[What you should do] Omit the pictures and reproduce the rest of the listing exactly.

■ ■ ■ ■

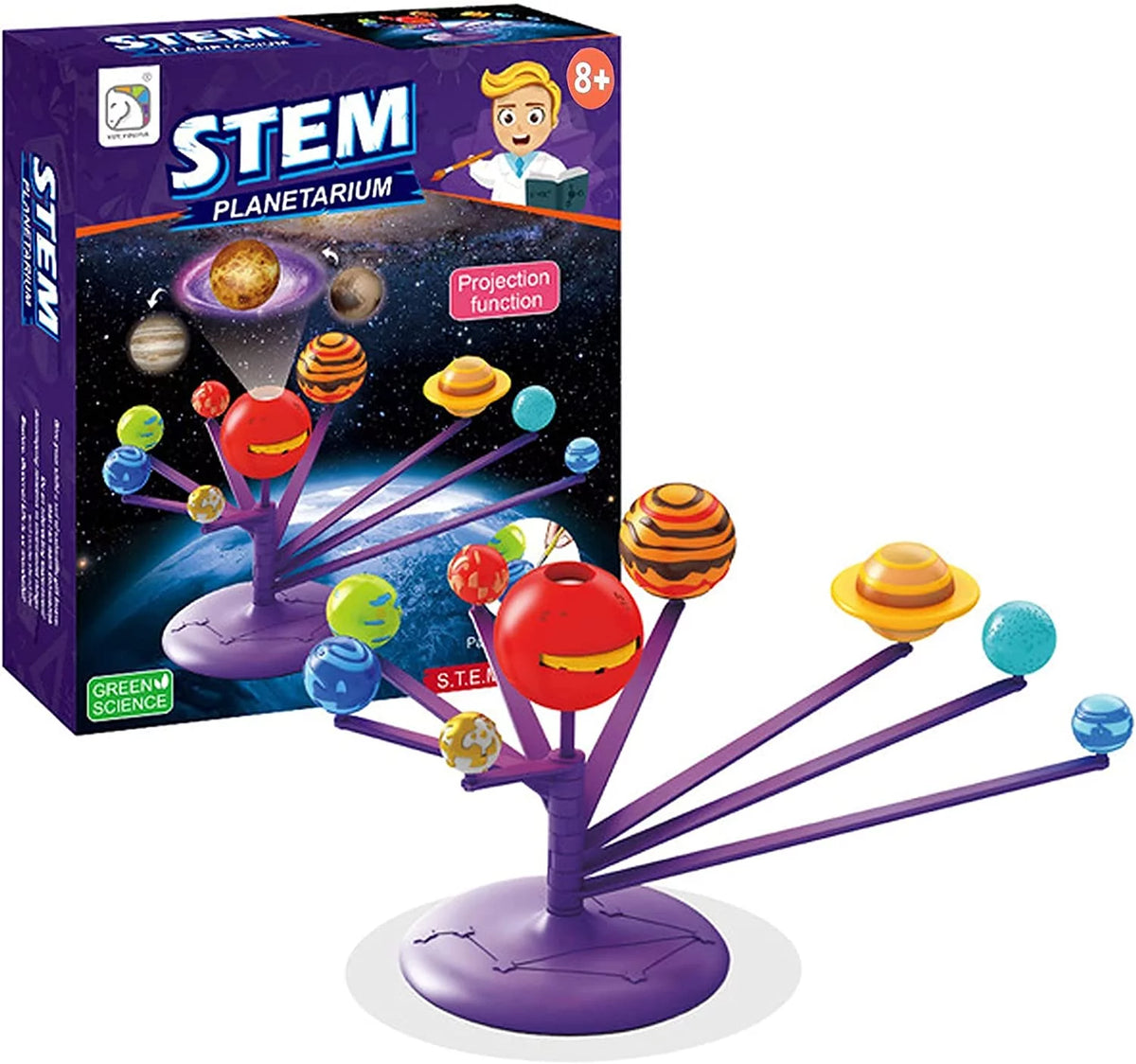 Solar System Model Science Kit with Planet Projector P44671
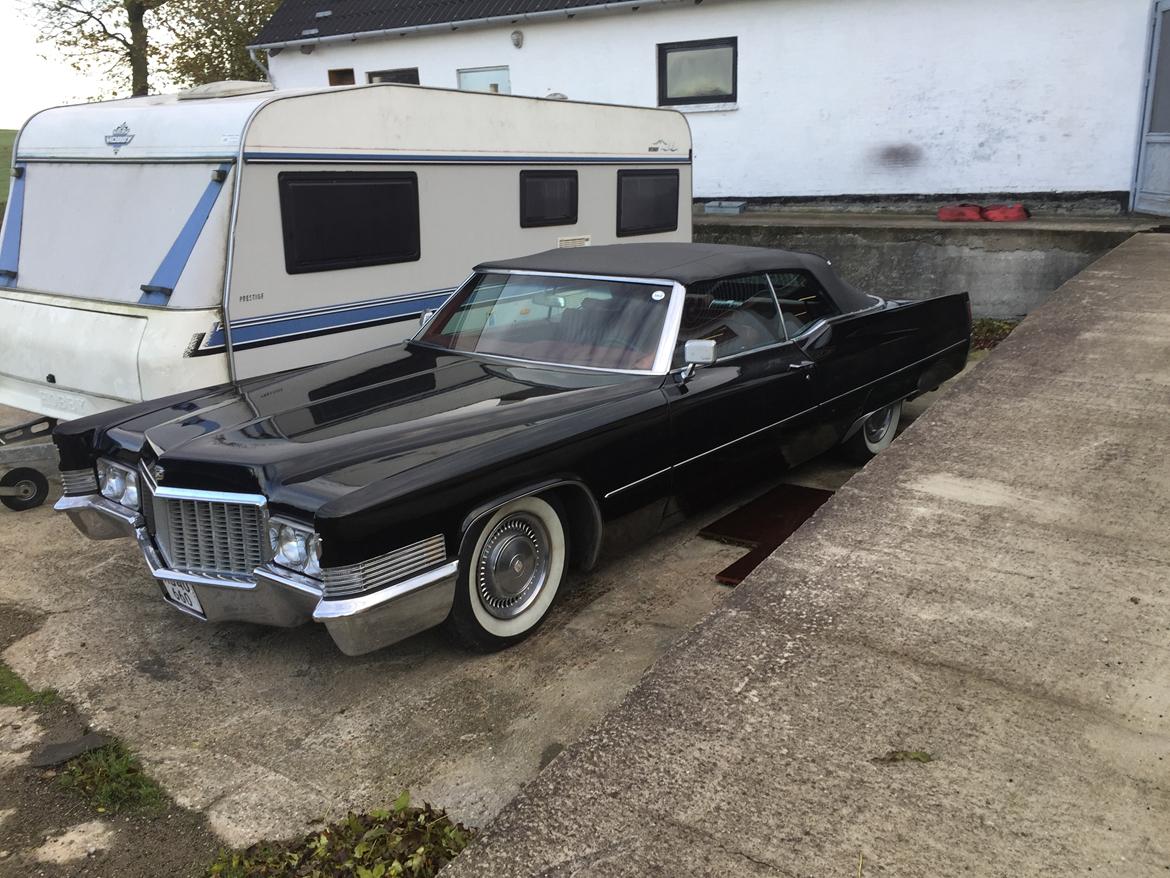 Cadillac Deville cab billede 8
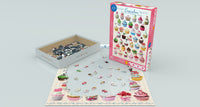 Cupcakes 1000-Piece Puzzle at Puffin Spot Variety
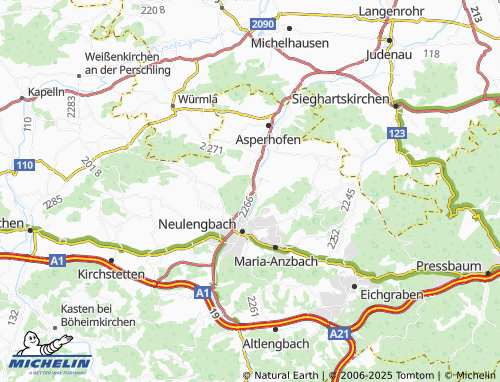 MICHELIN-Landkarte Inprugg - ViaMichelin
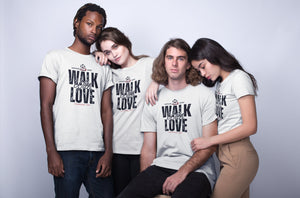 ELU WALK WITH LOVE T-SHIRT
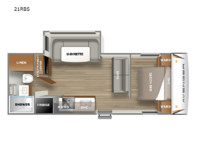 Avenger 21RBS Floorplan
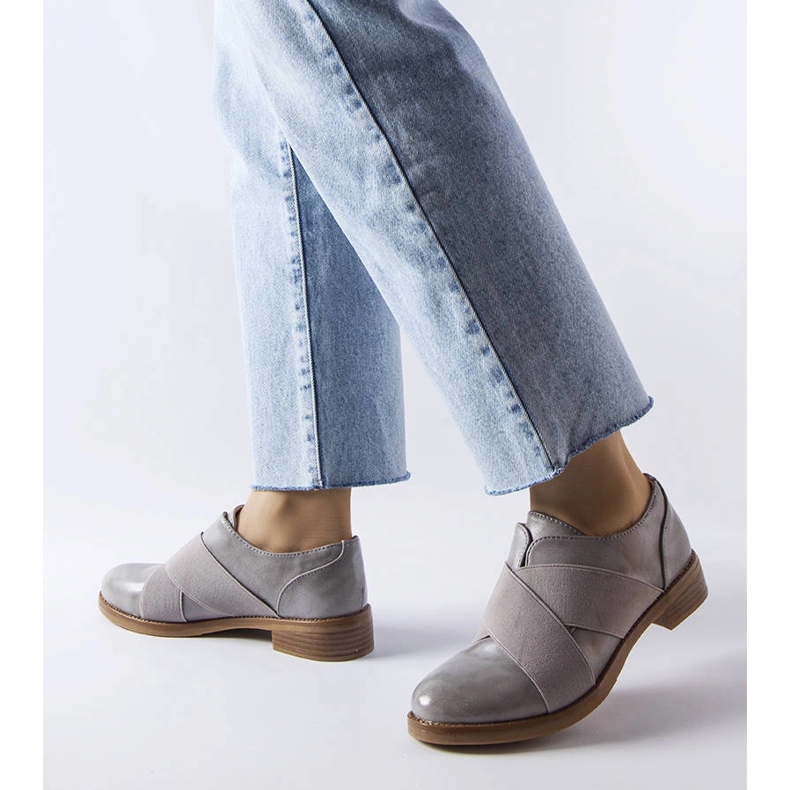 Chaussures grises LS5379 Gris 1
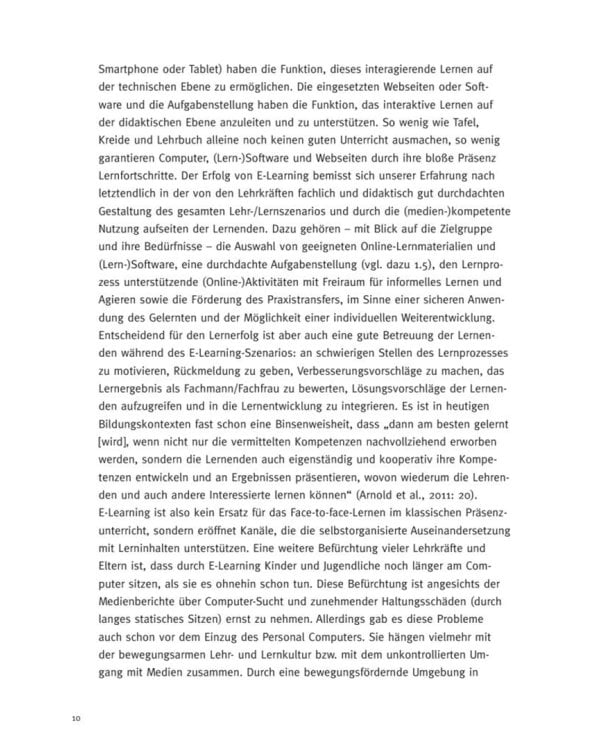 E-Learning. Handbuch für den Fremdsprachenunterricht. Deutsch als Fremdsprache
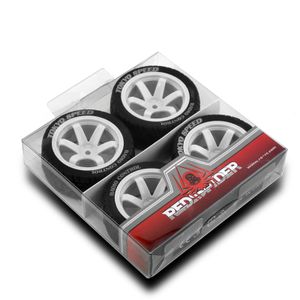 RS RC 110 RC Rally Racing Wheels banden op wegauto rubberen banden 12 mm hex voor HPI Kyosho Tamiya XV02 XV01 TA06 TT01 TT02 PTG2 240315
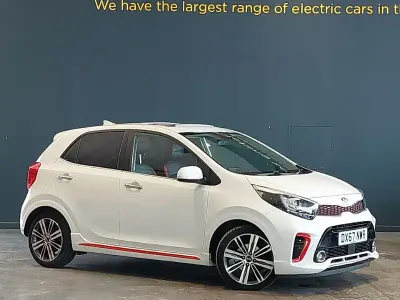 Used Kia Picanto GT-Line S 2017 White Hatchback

■ ■ ■ ■

[Exercise result]
 Solar System Model Science Kit with Planet Projector P44671
 Cadillac Deville cab billede 8
 Cupcakes 1000-Piece Puzzle at Puffin Spot Variety
 MICHELIN-Landkarte Inprugg - ViaMichelin
 ELU WALK WITH LOVE T-SHIRT
 Avenger 21RBS Floorplan
 Chaussures grises LS5379 Gris 1
 E-Learning. Handbuch für den Fremdsprachenunterricht. Deutsch als Fremdsprache
 RS RC 110 RC Rally Racing Wheels banden op wegauto rubberen banden 12 mm hex voor HPI Kyosho Tamiya XV02 XV01 TA06 TT01 TT02 PTG2 240315
 Used Kia Picanto GT-Line S 2017 White Hatchback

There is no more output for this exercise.